Inside, use stage folders (stage is inferred from folder name):
- `01_policy_basis/` (basis) — 制度/流程/授权
- `02_process/` (process) — 招采/定标/过程证据
- `03_contract/` (contract) — 合同/补充协议
- `04_settlement_payment/` (payment) — 结算/付款/发票/验收
- `05_comm/` (comm) — 邮件/会议纪要/IM
- `06_interviews/` (interview) — 访谈/笔录/询证
- `07_workpapers/` (workpaper) — 底稿/抽样/复核表
- `09_rectification/` (rectification) — 整改/闭环

Full template: `references/case-folder-template.md`

### 1) Install dependencies (local)
From the skill folder (or copy the script into your repo):

```bash
python3 -m venv .venv
source .venv/bin/activate
pip install -r scripts/requirements.txt
```

LibreOffice is recommended for Office→PDF page citations:
- `soffice` must be available (PATH) or pass `--soffice /path/to/soffice`.

### 2) Index the case

```bash
./scripts/audit_case_rag.py index \
  --case-dir "/path/to/<项目问题编号>__<标题>" \
  --out-dir  "/path/to/audit_rag_db"
```

Outputs:
- `manifest.jsonl` written into the case directory
- `audit_rag_db/<case_id>.joblib` (persistent local index)

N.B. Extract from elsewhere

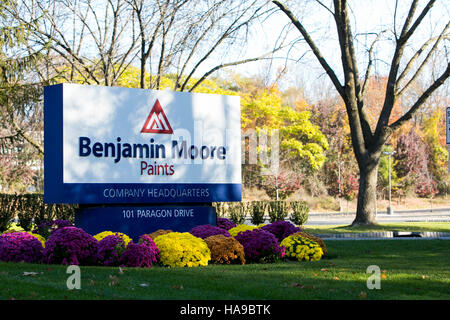 A logo sign outside of the headquarters of Benjamin Moore Paints in Montvale, New Jersey on November 5, 2016. Stock Photo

### 3) Query with event filters

```bash
./scripts/audit_case_rag.py query \
  --case "<项目问题编号>" \
  --stage payment \
  "付款节点是否倒挂？请给出处页码"
```

Notes:
- Evidence lines include clickable `file://...#page=N` citations when possible.
- Retrieval is **hybrid**: embedding recall + TF‑IDF rerank (alpha configurable).

## Safety/Privacy
- No cloud APIs. Everything runs locally.
- Do not commit outputs (indices, converted PDFs) to git.